C’est un point de divergence important entre le conseil national et le gouvernement… Alors que les élus ont demandé l’arrêt de tous les chantiers à Monaco sans exception durant la crise sanitaire du Covid-19, le gouvernement a laissé le choix aux opérateurs privés de continuer ou non la poursuite de leurs chantiers. Les autorités ont même autorisé la réouverture d’un chantier public : le complexe balnéaire du Larvotto. En séance publique hier soir, le ministre d’Etat, Serge Telle a justifié ce choix : « Le gouvernement l’a fait pour des raisons d’intérêt général. Pour permettre aux Monégasques et résidents de disposer de 100 % de la plage dès cette année, et pour permettre l’achèvement total de cet espace balnéaire, commerces compris, dès l’été 2021, a indiqué Serge Telle. Le gouvernement a pris ses responsabilités. Nous savons que cette décision ne fait pas l’unanimité. Nous l’avons pourtant prise, d’une part parce que ce chantier est à l’écart de la ville, et d’autre part parce que nous lui imposons des conditions sanitaires très strictes, qui vont encore, d’ailleurs être renforcées. » Le ministre d’Etat a rappelé les mesures sanitaires qui ont été prises sur le terrain : le nombre de salariés a été limité, la température de chaque ouvrier est contrôlée matin et soir, les repas sont pris sur place avec des règles strictes de distribution, et « surtout nous avons sur place en permanence un contrôleur avec un pouvoir d’intervention élargi allant jusqu’à stopper les travaux. »
Chantiers privés : « Le gouvernement ne peut et ne veut pas prendre ce risque »
Selon les autorités, ces mêmes règles sanitaires s’appliquent sur les chantiers privés qui sont au nombre de trois encore actifs actuellement : l’extension en mer, le Palais de la plage et la place du Casino. « Mais il ne faut pas inverser les responsabilités, a souligné le ministre d’Etat. C’est aux maîtres d’œuvres privés de prendre leurs responsabilités, et à eux seuls. » Selon le gouvernement, la seule responsabilité de l’Etat, dans ces circonstances exceptionnelles, est de faire respecter des règles sanitaires strictes, « et nous le faisons », a encore assuré le ministre d’Etat. Autre raison qui a poussé le gouvernement à ne pas stopper les chantiers privés ? « Toute autre position, notamment l’interdiction formelle des chantiers privés, nous exposerait à des conséquences financières très lourdes. Les différents opérateurs, n’en doutez pas, se retourneraient contre nous. Les sommes en jeu seraient considérables. » Le gouvernement « ne peut et ne veut pas prendre ce risque. Cela ne veut pas dire qu’il laissera faire n’importe quoi sur les chantiers. Les contrôles existent et ils seront encore renforcés. L’Etat prononcera des sanctions si nécessaire. Il procédera en tant que de besoin à des fermetures, mais il le fera dans le cadre de ses pouvoirs de police, et donc sans exposer les finances publiques dont il est redevable », a conclu Serge Telle.

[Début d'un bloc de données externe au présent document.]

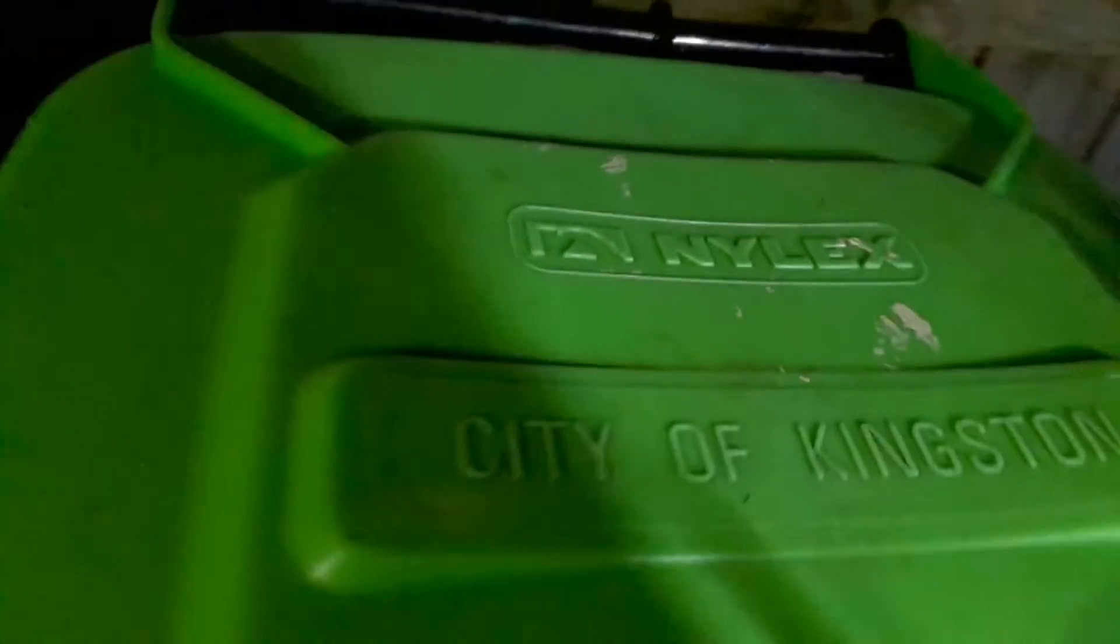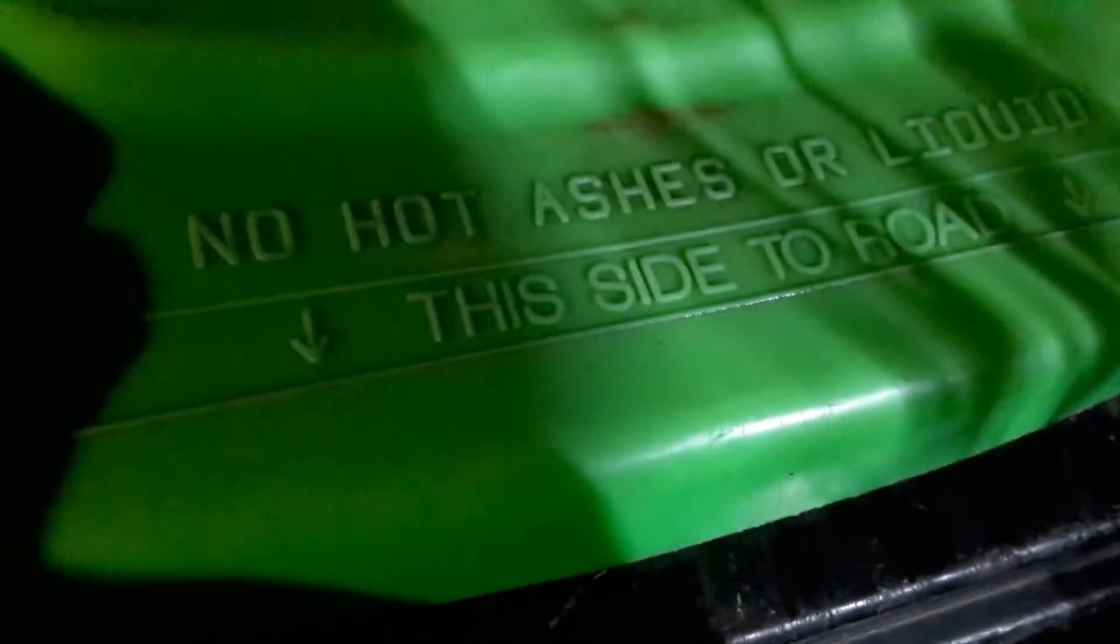I've got the City of Kingston Nyax bin. This side says no hot ashes or liquids. Here's the City of Kingston logo.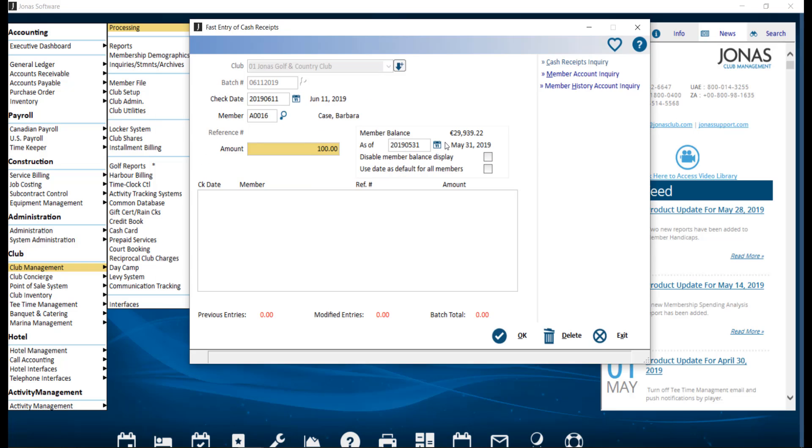Member balance as of. This is the date from the member's most recent statement date. This might change from member to member depending on when they last received a statement. You can choose a different date by editing this as of date. Use date as default for all members. If selected, the system will remember the as of date for all entries in this batch.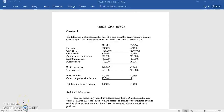In this tutorial we are going to look at IAS 8 and IFRS 15. The first question is looking at IAS 8, which is looking particularly at a change in accounting policy.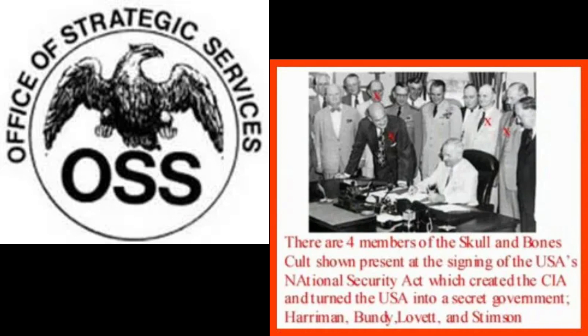Following the end of World War II and the onset of the Cold War, there was a growing need for a centralized intelligence agency to address the mounting tensions between the United States and the Soviet Union. President Harry S. Truman recognized this need and signed the National Security Act of 1947, which established the CIA. The CIA was created to collect, evaluate, and disseminate foreign intelligence, as well as conduct covert operations at the President's direction.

L’ordre des architectes ignoré
Le gouvernement a toutefois complètement ignoré le point de vue de l’ordre des architectes de Monaco qui dans une circulaire publiée récemment a demandé l’arrêt des chantiers en Principauté. « Les conditions de sécurité sanitaires, administratives, juridiques et assurantielles n’étant pas réunies, l’Ordre considère qu’il n’est pas possible aux architectes exerçant en Principauté d’assurer pleinement leurs missions et responsabilités relatives à la phase de direction de travaux », explique cette circulaire. Aux maîtres d’ouvrage, privés ou public, l’Ordre a lancé une mise en garde au sujet de « leur responsabilité et les risques encourus par l’ensemble des intervenants en cas d’ouverture des chantiers provoquée par leur initiative ». Il rappelle aussi aux entreprises qu’en tant qu’employeur, « elles doivent assurer la sécurité sanitaire de leurs équipes et par conséquent des chantiers ». C’est pourquoi, une mesure radicale a été décidée : l’Ordre des architectes demande à tous ses membres de s’opposer à l’ouverture des chantiers et de suspendre toute réunion sur site « tant que les conditions sanitaires normales ne seront pas rétablies ».